» INFORMATION SUPPLIED:
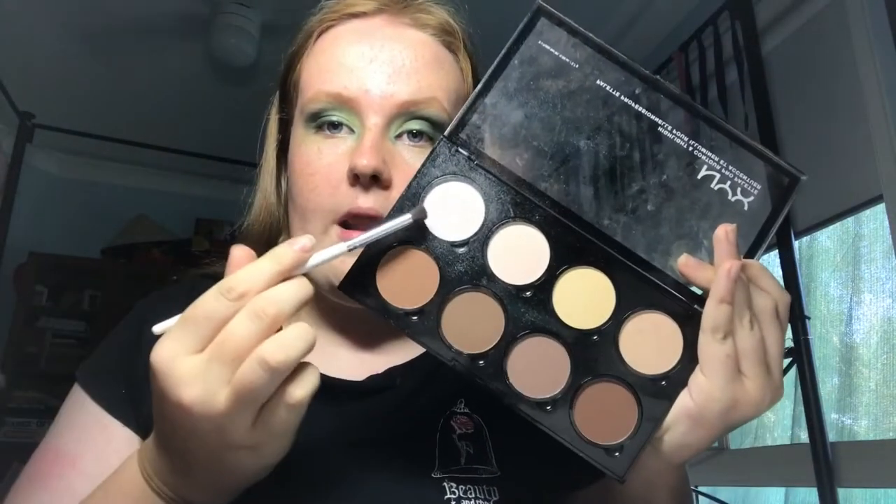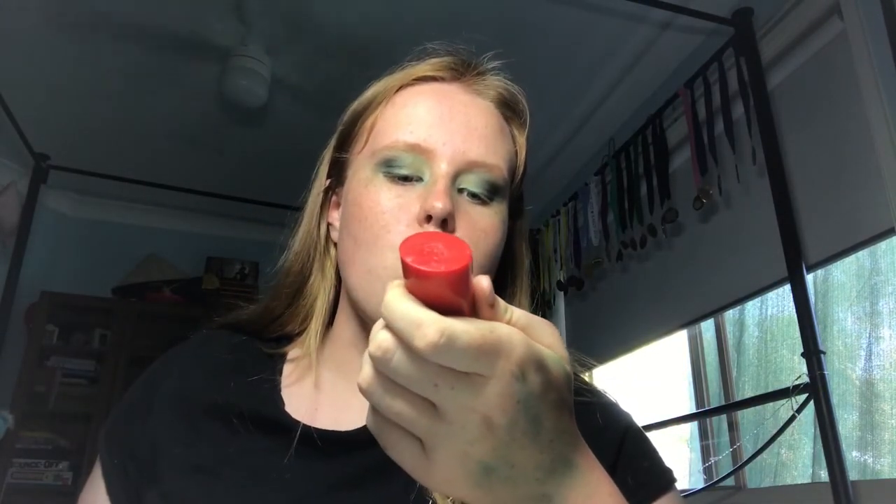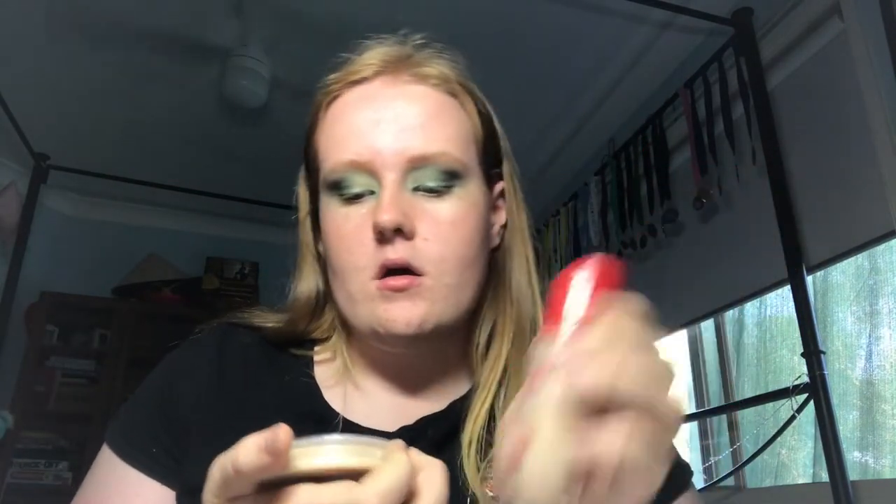Now I'm going to take the same green color with a smaller packing brush and put it on this side of the inner corner. Then I'm going to use my Highlight and Contour Pro palette and take this white highlighter with the same brush and put it a little bit above where I placed that green, just to make sure that inner corner is very bright. Before doing the under-eye, I like to put down my base first so the under-eye has something to grip to. I'm going to apply foundation, concealer, and powder. I use Rimmel London Lasting Finish Full Coverage Foundation and Rimmel Stay Matte Powder in transparent.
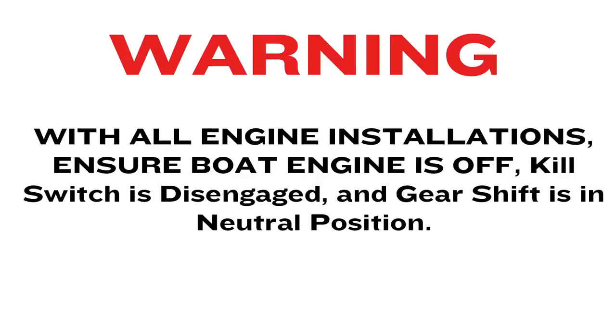With all engine installations, ensure the boat engine is off, the keel switch is disengaged, and the gear shift is in the neutral position.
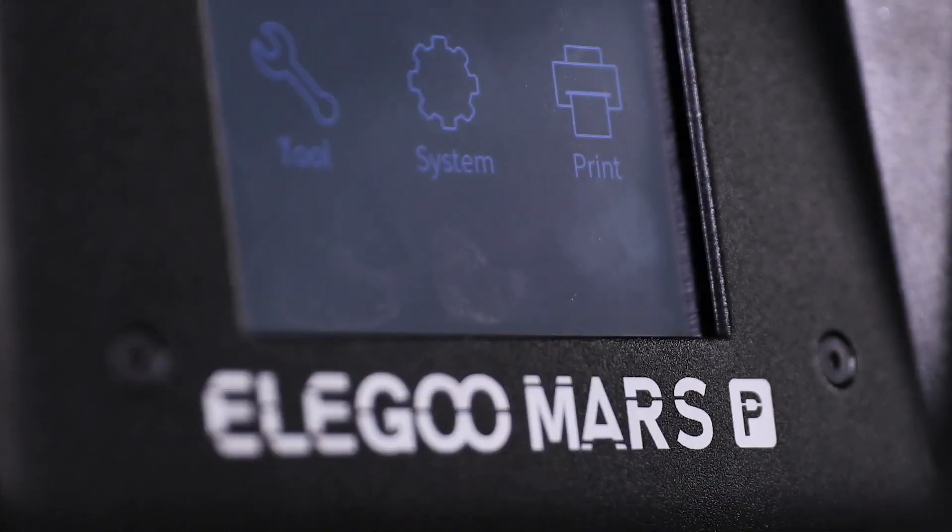I woke up this morning, going through my phone like most of us do, and I noticed there was an Elegoo Mars P. I most definitely didn't plan to do a video today, but when I saw that there was an Elegoo Mars P, I thought wow, this could be a game changer.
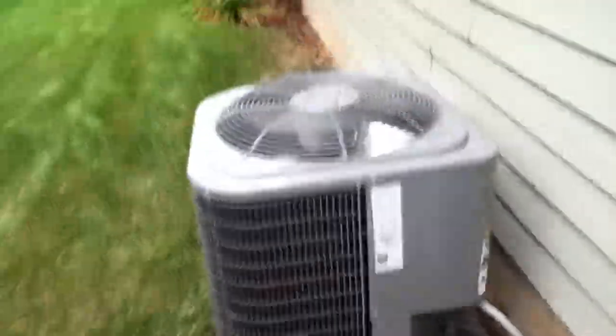This neighbor's Janitrol is actually running for some weird reason — you can kind of hear it, but I don't think you need the air today at 63 degrees.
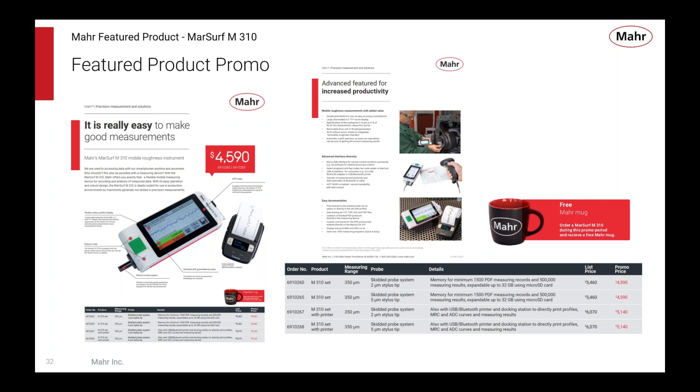With the current featured product promo, special pricing is $4,590 for the standard kit. The kit with the printer is $500 more. They're in stock and available, and if you order now during the promo, we're also offering a MAR mug to have your coffee while you watch the measurements get made.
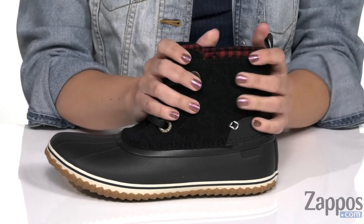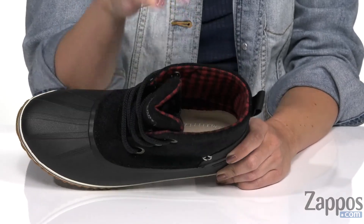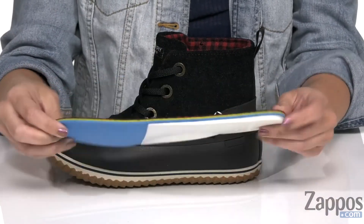It's easy to lace up, comes up around the ankle, and has a back pull tab to help you with on and off. Inside gives you a really cute printed lining — it's polar fleece — for long-lasting warmth and comfort. There is also a cushioned insole for all-day comfort and support.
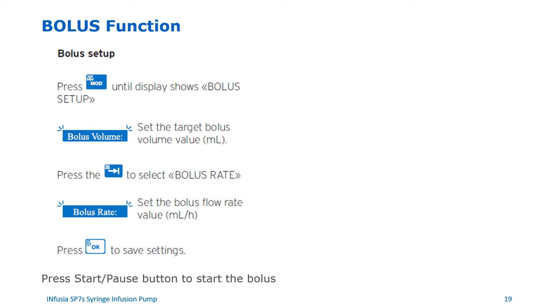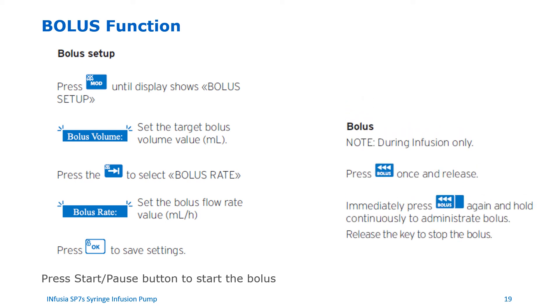Bolus function. To set up and program a bolus dose, press the MOD button until bolus setup shows up. Set the target bolus volume to be infused in mls. Then press the switch button to select bolus rate, and set up the bolus flow rate value in mls per hour. Then press the OK button to save settings. Then press the start pause button to start the bolus. You can also deliver a bolus dose while running an infusion: press the bolus button once and release, then press the bolus button once again immediately and hold it continuously to administer a bolus dose. When done, simply release the bolus button to stop the bolus.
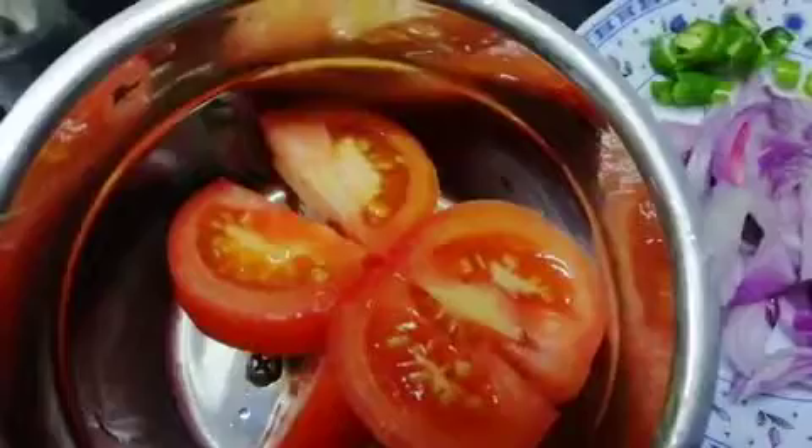Add a puree in the blender. Add 2 tablespoons of oil.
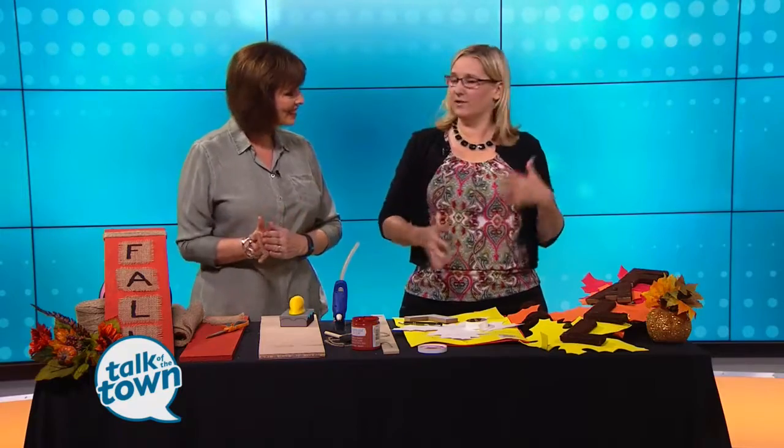Heading into fall is when lots of you creative, crafty folks really hit your stride. So the budget-friendly projects that Adina Anderson brought today are landing in our lap right on time. The cooler weather with the fall — you really want to get into the color. Summer's over.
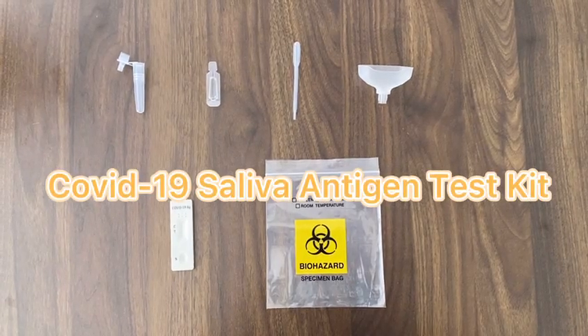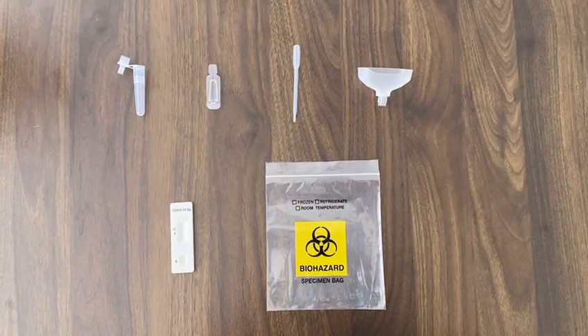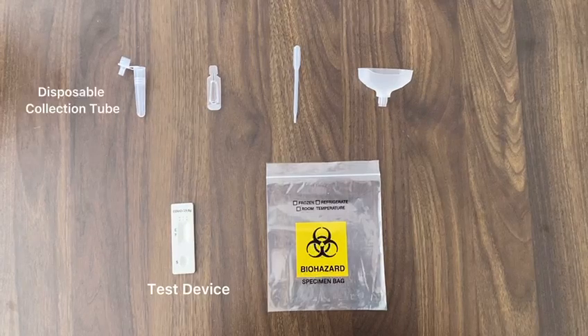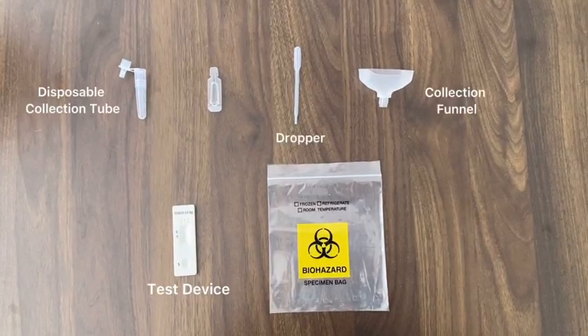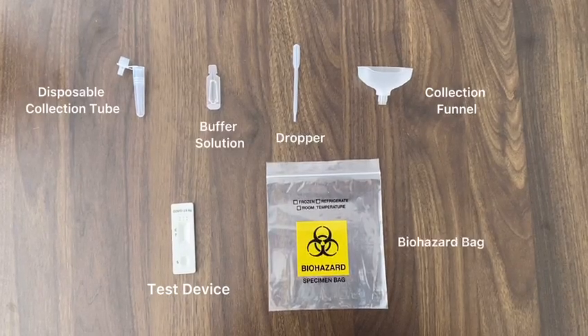This is the COVID-19 saliva antigen test kit. One set of test kit consists of a test device, disposable collection tube, collection funnel, dropper, buffer solution, and a biohazard bag.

» PROBLEM STATEMENT: Return the line containing "Add a puree" and every line after it through the end of the records above, exactly and nothing else, but not the pictures.

» TASK SOLUTION:
Add a puree in the blender. Add 2 tablespoons of oil.
Heading into fall is when lots of you creative, crafty folks really hit your stride. So the budget-friendly projects that Adina Anderson brought today are landing in our lap right on time. The cooler weather with the fall — you really want to get into the color. Summer's over.
This is the COVID-19 saliva antigen test kit. One set of test kit consists of a test device, disposable collection tube, collection funnel, dropper, buffer solution, and a biohazard bag.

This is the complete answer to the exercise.